EXCERPTED RECORDS section start

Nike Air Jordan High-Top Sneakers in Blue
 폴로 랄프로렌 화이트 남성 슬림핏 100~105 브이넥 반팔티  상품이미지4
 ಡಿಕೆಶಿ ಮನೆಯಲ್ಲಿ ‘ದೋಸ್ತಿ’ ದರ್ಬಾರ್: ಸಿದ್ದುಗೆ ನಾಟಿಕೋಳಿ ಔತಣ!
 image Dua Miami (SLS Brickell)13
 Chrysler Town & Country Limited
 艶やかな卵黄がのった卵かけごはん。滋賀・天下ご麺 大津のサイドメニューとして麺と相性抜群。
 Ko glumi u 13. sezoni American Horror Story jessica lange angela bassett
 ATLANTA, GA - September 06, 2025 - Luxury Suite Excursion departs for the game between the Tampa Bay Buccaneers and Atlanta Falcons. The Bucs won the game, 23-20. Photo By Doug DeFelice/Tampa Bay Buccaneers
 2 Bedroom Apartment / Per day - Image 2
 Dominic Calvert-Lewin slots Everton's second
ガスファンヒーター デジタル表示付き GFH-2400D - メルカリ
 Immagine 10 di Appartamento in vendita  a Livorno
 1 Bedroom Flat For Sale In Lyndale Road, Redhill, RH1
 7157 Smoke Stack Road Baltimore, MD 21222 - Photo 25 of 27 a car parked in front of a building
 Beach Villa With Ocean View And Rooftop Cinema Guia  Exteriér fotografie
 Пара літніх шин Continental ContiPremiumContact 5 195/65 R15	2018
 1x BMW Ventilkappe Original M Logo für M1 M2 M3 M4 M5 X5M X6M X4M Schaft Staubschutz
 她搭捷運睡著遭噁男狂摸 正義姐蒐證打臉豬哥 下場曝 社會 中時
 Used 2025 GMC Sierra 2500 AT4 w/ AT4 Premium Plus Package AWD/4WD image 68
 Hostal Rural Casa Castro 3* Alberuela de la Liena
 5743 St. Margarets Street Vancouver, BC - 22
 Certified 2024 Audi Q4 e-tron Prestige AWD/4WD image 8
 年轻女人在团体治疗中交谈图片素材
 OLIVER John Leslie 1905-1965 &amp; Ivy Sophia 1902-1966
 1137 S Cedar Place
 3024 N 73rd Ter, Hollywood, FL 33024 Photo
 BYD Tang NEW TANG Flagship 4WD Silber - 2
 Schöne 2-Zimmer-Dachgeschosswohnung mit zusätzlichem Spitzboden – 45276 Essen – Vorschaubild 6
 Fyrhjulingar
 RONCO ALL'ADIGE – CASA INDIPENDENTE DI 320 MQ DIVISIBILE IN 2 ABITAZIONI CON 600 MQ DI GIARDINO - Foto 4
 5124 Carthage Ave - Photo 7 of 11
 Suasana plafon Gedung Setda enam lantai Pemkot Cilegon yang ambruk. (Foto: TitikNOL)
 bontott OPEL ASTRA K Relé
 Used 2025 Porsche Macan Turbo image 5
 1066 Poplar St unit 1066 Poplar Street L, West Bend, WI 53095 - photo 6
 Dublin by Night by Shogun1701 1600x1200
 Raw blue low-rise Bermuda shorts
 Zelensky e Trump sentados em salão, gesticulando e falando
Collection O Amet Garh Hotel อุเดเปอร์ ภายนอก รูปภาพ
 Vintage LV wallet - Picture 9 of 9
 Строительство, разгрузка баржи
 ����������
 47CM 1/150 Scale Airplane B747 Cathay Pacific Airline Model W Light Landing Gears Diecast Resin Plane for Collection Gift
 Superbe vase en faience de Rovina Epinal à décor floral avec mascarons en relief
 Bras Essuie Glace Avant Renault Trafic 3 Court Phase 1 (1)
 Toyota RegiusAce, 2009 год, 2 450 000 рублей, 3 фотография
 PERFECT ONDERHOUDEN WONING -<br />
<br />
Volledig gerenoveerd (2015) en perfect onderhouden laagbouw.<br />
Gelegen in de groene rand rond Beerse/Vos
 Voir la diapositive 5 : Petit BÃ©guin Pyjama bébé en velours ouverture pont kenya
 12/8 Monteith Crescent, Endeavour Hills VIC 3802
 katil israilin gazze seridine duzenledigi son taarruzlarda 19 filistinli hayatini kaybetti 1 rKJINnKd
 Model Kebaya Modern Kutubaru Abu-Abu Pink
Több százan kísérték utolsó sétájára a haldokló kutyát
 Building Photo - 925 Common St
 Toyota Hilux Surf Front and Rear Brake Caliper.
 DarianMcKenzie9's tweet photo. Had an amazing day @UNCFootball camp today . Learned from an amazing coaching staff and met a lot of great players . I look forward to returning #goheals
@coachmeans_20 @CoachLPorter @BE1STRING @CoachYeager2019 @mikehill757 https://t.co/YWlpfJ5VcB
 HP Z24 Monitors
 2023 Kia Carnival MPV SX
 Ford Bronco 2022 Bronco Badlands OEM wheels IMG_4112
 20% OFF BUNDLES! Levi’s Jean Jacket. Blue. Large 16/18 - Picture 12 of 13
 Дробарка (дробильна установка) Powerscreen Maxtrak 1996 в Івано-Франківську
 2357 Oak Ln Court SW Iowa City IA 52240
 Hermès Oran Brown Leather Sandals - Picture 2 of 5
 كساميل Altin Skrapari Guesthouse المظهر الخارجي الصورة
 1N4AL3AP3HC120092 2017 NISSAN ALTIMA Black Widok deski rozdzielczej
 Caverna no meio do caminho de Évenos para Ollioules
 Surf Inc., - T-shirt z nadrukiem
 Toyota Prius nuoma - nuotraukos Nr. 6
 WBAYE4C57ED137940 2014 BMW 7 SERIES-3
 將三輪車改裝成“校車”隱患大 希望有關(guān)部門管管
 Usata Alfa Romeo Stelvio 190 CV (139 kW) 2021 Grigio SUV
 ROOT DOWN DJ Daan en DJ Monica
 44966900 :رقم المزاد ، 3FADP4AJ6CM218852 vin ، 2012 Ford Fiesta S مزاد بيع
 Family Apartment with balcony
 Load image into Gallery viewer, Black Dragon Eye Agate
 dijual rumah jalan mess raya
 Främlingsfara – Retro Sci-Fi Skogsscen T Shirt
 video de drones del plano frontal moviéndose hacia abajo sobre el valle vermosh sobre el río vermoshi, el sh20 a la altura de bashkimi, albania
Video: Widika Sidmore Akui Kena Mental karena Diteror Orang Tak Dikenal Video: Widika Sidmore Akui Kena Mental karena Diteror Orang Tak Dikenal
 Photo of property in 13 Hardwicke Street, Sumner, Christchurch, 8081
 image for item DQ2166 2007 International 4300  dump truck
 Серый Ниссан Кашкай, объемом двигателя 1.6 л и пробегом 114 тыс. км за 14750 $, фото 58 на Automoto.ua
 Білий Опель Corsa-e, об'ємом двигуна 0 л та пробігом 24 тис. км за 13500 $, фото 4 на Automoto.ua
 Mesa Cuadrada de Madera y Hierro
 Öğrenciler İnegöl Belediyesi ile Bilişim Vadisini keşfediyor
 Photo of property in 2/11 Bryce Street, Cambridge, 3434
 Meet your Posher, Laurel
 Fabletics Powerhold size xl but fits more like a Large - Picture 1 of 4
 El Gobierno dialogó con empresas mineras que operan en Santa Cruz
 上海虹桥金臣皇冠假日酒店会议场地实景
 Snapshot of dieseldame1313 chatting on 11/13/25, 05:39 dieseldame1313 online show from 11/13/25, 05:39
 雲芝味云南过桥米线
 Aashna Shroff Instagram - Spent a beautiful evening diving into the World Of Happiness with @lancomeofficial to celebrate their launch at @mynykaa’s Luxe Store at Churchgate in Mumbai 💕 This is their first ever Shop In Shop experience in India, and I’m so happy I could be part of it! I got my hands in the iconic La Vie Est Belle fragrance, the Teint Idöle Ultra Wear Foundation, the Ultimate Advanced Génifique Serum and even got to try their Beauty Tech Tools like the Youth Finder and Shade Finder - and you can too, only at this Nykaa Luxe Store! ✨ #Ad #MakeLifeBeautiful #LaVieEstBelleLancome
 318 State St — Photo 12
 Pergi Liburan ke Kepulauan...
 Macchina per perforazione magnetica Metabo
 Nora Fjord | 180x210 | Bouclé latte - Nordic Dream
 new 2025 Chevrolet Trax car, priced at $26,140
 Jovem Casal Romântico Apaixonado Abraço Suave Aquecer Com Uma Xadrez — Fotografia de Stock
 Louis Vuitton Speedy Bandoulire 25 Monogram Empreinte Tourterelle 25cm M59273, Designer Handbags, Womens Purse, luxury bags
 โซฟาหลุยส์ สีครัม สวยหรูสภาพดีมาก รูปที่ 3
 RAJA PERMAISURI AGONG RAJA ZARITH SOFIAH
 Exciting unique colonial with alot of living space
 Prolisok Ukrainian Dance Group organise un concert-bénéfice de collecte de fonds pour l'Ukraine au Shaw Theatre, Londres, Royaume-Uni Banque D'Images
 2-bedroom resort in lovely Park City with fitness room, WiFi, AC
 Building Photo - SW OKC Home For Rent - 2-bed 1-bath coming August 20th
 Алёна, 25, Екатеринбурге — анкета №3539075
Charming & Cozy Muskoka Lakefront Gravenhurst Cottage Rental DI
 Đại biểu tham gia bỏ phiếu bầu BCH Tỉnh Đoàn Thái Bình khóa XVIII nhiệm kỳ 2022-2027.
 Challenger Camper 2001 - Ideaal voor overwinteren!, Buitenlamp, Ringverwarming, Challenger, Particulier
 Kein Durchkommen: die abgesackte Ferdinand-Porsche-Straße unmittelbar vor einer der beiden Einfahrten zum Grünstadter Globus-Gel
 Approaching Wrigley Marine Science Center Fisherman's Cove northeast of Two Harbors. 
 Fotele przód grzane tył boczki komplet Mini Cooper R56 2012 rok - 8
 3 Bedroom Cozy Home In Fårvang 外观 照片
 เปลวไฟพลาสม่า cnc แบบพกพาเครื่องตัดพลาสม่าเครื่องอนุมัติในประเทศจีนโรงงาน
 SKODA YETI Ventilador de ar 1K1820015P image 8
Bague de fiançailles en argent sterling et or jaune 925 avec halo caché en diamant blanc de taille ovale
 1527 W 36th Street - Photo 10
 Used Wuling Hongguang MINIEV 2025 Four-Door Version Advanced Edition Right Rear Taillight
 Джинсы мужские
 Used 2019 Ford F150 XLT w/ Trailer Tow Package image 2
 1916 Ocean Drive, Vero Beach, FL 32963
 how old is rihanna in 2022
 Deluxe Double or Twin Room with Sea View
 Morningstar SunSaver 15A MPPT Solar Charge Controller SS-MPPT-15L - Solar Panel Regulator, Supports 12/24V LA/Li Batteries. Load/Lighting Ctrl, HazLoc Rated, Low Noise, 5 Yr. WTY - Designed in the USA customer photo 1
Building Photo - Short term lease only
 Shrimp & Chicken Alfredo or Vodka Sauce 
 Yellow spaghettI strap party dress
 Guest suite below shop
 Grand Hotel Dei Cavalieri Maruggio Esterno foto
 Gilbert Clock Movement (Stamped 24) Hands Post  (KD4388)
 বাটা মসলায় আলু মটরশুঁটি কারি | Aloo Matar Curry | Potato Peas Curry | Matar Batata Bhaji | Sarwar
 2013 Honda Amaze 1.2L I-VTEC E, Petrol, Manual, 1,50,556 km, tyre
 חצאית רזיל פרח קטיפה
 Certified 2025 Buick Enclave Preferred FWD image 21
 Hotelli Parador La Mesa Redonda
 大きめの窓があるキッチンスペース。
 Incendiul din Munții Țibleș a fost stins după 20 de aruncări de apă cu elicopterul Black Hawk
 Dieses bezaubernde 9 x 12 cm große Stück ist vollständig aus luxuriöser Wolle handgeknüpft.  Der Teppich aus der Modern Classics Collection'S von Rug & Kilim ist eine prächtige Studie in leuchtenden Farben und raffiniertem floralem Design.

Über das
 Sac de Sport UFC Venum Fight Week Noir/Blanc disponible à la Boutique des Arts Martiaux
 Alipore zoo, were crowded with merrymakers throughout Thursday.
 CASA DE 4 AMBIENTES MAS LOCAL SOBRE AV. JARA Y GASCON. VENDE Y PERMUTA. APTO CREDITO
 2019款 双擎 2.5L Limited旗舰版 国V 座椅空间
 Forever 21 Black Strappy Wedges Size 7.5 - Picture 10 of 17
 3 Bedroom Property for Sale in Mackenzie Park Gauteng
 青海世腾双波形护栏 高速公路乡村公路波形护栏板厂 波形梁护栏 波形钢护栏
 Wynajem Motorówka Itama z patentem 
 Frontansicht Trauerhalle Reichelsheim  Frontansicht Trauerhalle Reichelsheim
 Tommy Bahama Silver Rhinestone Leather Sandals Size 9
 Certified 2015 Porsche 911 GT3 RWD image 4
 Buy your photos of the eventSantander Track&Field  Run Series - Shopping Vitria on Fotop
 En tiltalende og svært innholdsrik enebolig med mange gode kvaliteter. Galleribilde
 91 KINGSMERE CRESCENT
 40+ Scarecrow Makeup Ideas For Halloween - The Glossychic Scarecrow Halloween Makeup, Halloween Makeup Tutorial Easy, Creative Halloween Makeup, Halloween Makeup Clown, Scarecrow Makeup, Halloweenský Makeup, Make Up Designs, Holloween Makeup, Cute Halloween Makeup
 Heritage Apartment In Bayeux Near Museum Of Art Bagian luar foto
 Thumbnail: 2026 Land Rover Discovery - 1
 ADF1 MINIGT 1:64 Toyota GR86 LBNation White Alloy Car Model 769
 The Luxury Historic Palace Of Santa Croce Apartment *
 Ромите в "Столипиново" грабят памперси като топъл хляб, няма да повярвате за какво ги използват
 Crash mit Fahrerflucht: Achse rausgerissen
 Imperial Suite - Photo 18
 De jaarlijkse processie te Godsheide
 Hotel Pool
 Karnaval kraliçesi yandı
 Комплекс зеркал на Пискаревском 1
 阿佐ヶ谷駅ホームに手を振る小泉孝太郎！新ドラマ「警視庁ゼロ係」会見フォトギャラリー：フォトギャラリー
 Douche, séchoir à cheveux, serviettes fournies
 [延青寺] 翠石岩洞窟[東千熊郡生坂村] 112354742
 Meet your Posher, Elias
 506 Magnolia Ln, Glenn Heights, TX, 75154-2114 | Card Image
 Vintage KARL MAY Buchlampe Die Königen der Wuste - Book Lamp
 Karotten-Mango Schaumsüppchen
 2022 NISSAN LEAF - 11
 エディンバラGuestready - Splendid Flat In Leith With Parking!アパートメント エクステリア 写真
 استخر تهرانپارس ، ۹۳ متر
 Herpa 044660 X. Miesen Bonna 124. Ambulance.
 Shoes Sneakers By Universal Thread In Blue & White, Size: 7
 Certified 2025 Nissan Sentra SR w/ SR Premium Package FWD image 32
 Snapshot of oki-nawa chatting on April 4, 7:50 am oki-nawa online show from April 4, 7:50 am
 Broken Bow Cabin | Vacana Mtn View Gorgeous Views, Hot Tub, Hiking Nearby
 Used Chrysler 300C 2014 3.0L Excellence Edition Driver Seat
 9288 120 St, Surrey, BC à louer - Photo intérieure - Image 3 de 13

EXCERPTED RECORDS section end

### TO DO
From the first line of the data above through the line containing "Suasana plafon Gedung", set each line down again exactly; include both ends and omit everything else.

### RESPONSE TO THIS EXERCISE
Nike Air Jordan High-Top Sneakers in Blue
 폴로 랄프로렌 화이트 남성 슬림핏 100~105 브이넥 반팔티  상품이미지4
 ಡಿಕೆಶಿ ಮನೆಯಲ್ಲಿ ‘ದೋಸ್ತಿ’ ದರ್ಬಾರ್: ಸಿದ್ದುಗೆ ನಾಟಿಕೋಳಿ ಔತಣ!
 image Dua Miami (SLS Brickell)13
 Chrysler Town & Country Limited
 艶やかな卵黄がのった卵かけごはん。滋賀・天下ご麺 大津のサイドメニューとして麺と相性抜群。
 Ko glumi u 13. sezoni American Horror Story jessica lange angela bassett
 ATLANTA, GA - September 06, 2025 - Luxury Suite Excursion departs for the game between the Tampa Bay Buccaneers and Atlanta Falcons. The Bucs won the game, 23-20. Photo By Doug DeFelice/Tampa Bay Buccaneers
 2 Bedroom Apartment / Per day - Image 2
 Dominic Calvert-Lewin slots Everton's second
ガスファンヒーター デジタル表示付き GFH-2400D - メルカリ
 Immagine 10 di Appartamento in vendita  a Livorno
 1 Bedroom Flat For Sale In Lyndale Road, Redhill, RH1
 7157 Smoke Stack Road Baltimore, MD 21222 - Photo 25 of 27 a car parked in front of a building
 Beach Villa With Ocean View And Rooftop Cinema Guia  Exteriér fotografie
 Пара літніх шин Continental ContiPremiumContact 5 195/65 R15	2018
 1x BMW Ventilkappe Original M Logo für M1 M2 M3 M4 M5 X5M X6M X4M Schaft Staubschutz
 她搭捷運睡著遭噁男狂摸 正義姐蒐證打臉豬哥 下場曝 社會 中時
 Used 2025 GMC Sierra 2500 AT4 w/ AT4 Premium Plus Package AWD/4WD image 68
 Hostal Rural Casa Castro 3* Alberuela de la Liena
 5743 St. Margarets Street Vancouver, BC - 22
 Certified 2024 Audi Q4 e-tron Prestige AWD/4WD image 8
 年轻女人在团体治疗中交谈图片素材
 OLIVER John Leslie 1905-1965 &amp; Ivy Sophia 1902-1966
 1137 S Cedar Place
 3024 N 73rd Ter, Hollywood, FL 33024 Photo
 BYD Tang NEW TANG Flagship 4WD Silber - 2
 Schöne 2-Zimmer-Dachgeschosswohnung mit zusätzlichem Spitzboden – 45276 Essen – Vorschaubild 6
 Fyrhjulingar
 RONCO ALL'ADIGE – CASA INDIPENDENTE DI 320 MQ DIVISIBILE IN 2 ABITAZIONI CON 600 MQ DI GIARDINO - Foto 4
 5124 Carthage Ave - Photo 7 of 11
 Suasana plafon Gedung Setda enam lantai Pemkot Cilegon yang ambruk. (Foto: TitikNOL)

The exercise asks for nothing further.